The residents who are suing say they want to be able to take their handguns to more convenient target ranges outside the city and, in the case of a Staten Island man, to his second home. The residents say the rules undercut their constitutional right to have a handgun in a house or apartment for self-protection.

‘Extreme, Unjustified’

“The city’s ban on transporting handguns outside city limits is an extreme, unjustified and irrational restriction on Second Amendment rights,” the residents and the New York State Rifle & Pistol Association argued in their appeal.

A federal appeals court in New York upheld the restrictions, saying the residents have sufficient options.

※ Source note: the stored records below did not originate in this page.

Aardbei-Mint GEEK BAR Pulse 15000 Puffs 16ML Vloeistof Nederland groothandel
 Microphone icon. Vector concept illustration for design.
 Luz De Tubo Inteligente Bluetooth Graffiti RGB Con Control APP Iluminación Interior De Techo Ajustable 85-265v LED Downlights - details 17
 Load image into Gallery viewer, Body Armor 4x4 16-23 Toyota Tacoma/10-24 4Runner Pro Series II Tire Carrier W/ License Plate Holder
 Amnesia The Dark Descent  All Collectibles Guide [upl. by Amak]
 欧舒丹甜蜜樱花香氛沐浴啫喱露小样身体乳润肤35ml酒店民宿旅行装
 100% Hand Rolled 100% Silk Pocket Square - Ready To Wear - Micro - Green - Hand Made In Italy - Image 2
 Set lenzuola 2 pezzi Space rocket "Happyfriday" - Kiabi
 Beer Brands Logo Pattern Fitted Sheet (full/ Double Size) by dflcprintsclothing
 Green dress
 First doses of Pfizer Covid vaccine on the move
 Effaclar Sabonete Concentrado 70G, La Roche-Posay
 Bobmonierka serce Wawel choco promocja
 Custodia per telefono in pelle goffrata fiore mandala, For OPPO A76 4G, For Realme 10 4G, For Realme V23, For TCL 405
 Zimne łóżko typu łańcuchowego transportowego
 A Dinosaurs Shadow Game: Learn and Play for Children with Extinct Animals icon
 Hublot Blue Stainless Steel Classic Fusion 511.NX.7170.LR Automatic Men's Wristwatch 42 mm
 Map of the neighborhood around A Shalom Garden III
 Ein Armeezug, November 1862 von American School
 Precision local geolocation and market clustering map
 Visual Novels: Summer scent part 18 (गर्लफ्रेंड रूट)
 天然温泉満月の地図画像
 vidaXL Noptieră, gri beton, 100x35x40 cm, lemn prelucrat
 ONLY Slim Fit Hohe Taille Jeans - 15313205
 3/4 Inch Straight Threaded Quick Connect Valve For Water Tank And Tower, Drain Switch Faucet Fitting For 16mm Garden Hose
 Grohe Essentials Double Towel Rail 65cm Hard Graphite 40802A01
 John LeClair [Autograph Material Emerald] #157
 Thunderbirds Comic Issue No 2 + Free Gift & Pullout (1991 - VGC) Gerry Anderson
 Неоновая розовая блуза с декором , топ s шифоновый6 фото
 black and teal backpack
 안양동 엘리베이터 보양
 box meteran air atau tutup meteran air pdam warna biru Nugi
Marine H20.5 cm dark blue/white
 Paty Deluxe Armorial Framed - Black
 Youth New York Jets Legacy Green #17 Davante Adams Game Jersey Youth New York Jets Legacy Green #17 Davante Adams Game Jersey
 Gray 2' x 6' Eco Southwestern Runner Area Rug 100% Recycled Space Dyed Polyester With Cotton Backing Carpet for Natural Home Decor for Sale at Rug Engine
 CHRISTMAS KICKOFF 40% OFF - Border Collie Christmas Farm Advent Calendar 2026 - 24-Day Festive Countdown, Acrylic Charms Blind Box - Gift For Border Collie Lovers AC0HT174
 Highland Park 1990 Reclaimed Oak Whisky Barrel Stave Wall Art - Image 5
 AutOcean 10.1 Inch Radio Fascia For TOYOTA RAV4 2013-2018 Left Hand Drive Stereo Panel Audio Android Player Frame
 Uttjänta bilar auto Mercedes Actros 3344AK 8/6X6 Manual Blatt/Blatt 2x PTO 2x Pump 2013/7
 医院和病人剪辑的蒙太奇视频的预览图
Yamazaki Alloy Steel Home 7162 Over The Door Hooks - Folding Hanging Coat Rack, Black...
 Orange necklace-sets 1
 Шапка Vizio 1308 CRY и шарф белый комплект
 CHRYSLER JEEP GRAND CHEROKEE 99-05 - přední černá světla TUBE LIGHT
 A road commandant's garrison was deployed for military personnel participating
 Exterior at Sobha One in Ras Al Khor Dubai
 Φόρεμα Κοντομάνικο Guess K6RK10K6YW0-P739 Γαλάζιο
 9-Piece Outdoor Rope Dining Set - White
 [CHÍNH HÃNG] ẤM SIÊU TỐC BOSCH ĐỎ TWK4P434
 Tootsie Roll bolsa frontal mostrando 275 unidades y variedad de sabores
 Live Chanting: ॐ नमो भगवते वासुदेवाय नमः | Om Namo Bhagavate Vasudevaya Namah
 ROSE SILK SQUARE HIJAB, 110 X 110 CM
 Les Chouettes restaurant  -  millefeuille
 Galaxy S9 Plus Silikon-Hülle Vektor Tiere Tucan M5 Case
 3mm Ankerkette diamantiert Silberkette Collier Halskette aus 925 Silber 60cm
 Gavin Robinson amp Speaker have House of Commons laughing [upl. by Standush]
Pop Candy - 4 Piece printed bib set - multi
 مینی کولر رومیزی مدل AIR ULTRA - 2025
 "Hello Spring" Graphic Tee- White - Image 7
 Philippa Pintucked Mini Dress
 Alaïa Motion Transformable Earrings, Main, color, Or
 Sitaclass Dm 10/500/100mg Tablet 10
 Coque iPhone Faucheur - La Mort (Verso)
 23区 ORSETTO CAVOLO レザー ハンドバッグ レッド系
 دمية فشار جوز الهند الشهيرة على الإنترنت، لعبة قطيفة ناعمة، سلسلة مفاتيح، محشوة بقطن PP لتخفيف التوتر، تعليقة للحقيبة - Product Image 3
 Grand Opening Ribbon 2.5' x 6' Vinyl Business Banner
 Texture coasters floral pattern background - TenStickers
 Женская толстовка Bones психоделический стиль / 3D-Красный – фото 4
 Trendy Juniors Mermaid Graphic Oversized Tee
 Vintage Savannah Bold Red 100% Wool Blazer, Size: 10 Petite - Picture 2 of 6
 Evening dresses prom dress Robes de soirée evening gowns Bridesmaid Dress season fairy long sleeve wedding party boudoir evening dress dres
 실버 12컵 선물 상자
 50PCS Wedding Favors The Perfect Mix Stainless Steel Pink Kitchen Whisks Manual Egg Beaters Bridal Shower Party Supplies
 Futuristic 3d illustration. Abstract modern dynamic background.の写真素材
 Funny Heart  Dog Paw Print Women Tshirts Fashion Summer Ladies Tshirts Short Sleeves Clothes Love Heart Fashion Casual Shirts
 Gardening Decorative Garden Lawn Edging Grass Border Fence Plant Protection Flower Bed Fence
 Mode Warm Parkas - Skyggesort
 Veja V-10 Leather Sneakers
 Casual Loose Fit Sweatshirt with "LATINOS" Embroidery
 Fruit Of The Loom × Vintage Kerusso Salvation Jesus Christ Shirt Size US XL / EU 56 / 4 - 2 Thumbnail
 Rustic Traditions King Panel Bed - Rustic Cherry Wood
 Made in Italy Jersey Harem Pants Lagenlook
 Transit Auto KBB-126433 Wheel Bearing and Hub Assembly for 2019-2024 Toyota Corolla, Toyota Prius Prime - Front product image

The three-judge panel said New Yorkers can go to local shooting ranges, use rented weapons at out-of-town facilities, and acquire additional weapons for second homes.

New York urged the Supreme Court not to hear the case. “The rule does not severely burden or even meaningfully impact the core of the Second Amendment right,” the city argued in court papers.

The city said the restrictions help protect public safety by “better regulating and minimizing the instances of unlicensed transport of firearms on city streets.”

Michael R. Bloomberg, founder of Bloomberg News parent Bloomberg LP, is a donor to groups that support gun control, including Everytown for Gun Safety.

The case is New York State Rifle & Pistol Association v. New York, 18-280.